PROBLEM REQUIREMENTS: Identify all lines below that hold "حفلات" and collect them.

ENTRIES SUPPLIED:
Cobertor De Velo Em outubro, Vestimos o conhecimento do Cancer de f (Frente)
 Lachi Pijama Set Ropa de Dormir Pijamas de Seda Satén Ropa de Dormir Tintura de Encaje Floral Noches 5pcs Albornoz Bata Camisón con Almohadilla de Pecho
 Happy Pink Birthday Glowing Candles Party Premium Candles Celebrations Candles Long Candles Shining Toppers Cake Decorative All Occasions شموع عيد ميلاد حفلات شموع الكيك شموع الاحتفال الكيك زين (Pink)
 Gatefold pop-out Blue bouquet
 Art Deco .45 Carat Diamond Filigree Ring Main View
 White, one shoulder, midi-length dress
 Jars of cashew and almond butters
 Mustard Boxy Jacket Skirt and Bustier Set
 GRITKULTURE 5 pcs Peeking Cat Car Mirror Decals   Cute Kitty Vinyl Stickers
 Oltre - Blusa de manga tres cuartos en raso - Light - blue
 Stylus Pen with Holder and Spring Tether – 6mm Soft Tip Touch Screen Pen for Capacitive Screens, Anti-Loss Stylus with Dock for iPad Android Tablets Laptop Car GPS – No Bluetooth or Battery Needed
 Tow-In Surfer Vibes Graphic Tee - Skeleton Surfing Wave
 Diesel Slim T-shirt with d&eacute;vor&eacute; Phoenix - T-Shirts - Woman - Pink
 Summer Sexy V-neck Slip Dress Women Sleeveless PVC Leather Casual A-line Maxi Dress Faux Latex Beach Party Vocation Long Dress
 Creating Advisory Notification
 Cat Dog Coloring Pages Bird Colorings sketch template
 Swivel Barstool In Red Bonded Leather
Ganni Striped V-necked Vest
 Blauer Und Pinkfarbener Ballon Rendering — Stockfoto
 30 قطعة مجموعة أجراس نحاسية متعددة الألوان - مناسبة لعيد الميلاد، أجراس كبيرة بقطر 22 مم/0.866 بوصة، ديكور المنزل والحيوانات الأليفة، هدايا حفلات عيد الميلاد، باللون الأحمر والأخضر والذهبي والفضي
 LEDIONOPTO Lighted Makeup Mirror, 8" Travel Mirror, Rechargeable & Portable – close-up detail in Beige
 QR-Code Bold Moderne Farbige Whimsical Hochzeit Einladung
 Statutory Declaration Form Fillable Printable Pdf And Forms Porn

WRITTEN SOLUTION:
 Happy Pink Birthday Glowing Candles Party Premium Candles Celebrations Candles Long Candles Shining Toppers Cake Decorative All Occasions شموع عيد ميلاد حفلات شموع الكيك شموع الاحتفال الكيك زين (Pink)
 30 قطعة مجموعة أجراس نحاسية متعددة الألوان - مناسبة لعيد الميلاد، أجراس كبيرة بقطر 22 مم/0.866 بوصة، ديكور المنزل والحيوانات الأليفة، هدايا حفلات عيد الميلاد، باللون الأحمر والأخضر والذهبي والفضي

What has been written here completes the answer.